So far, Ed has traced back all his lines of inheritance at least three generations, and, in some cases, as many as nine.
“We connected up with the Follands in England and go back to the 1600s now. Someday, I’ll have enough time to carry all the lines back equally. For now, I tend to follow the path [line] of least resistance, or the line of most luck, like the Follands.”
Houser
“The Housers, back through my mother’s father, have been traced back quite a ways. Peter Houser was born about 1700 in Wonderburg, Germany. Other than his children and where he lived, that’s all we know about Herr Houser.
“One of his sons, Abraham-senior, it turns out, but that came later-was a Dunker preacher, so called because they practiced triune immersion, that is, one dunking for each of the Holy Trinity. The members of the Church of the Brethren left Germany in two groups, one in 1719 and the next in 1729 and emigrated to Pennsylvania. My Housers were among them,” Ed concludes.
Skinner
The Skinner ancestors came from the county of Devonshire in England. You can get a lot of contemporary information about the area because it’s a favorite vacation area for Londoners.
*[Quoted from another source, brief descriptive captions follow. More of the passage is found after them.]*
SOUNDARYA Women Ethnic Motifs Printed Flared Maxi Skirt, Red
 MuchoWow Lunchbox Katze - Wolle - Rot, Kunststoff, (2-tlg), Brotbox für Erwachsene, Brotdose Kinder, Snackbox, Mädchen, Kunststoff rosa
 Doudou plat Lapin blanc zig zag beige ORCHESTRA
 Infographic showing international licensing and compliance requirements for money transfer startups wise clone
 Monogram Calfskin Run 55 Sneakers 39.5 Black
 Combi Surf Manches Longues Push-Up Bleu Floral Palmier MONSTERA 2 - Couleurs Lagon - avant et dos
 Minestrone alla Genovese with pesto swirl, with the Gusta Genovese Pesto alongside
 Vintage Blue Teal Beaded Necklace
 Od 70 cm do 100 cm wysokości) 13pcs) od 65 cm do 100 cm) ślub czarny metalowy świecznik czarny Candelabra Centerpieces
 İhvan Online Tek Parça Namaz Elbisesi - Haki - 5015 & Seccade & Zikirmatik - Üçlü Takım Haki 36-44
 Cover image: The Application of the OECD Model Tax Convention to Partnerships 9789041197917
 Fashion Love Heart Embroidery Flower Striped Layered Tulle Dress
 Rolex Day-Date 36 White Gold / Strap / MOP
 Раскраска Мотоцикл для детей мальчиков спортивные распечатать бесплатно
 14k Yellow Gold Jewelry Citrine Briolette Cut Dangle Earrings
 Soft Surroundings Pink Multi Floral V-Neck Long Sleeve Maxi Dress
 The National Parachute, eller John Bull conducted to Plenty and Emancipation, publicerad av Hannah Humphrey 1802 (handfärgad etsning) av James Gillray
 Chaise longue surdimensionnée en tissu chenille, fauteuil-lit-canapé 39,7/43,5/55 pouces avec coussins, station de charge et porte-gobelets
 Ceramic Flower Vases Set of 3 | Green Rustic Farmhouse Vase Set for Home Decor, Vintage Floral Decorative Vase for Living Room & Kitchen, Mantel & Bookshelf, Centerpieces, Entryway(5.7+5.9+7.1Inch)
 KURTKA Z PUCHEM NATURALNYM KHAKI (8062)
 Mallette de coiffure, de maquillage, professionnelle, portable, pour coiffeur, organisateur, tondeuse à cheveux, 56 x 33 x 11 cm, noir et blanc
There’s all sorts of stuff available on the Web.
“Several years ago we were planning a trip to Devon. One afternoon, my wife and I went to a Phoenix book store and browsed through a book on Bed and Breakfasts in the Barnstaple (Devon, England) area. One of the places, Ashelford, looked very interesting. They had an Email address which made the reservations easy to make so we decided to give it a try. We absolutely loved the place and, it turns out, it used to be owned by someone named Skinner!”
Devonshire is at the top of the jointed toe of England that sticks out into the Atlantic. Imagine a square with the north and west sides on the coastline, that’s Devon, right at the knuckle where the toe bends. Up on the north edge are a bunch of resort towns and also the Exmoor National Park where the story of Lorna Doone took place.
“All the towns up there face onto the Bristol Channel and, if you sail due north from there, you’ll run into the bottom of Wales.
“Conversely, if you put on your hiking boots and strike due south all the way across, you’ll be in Plymouth.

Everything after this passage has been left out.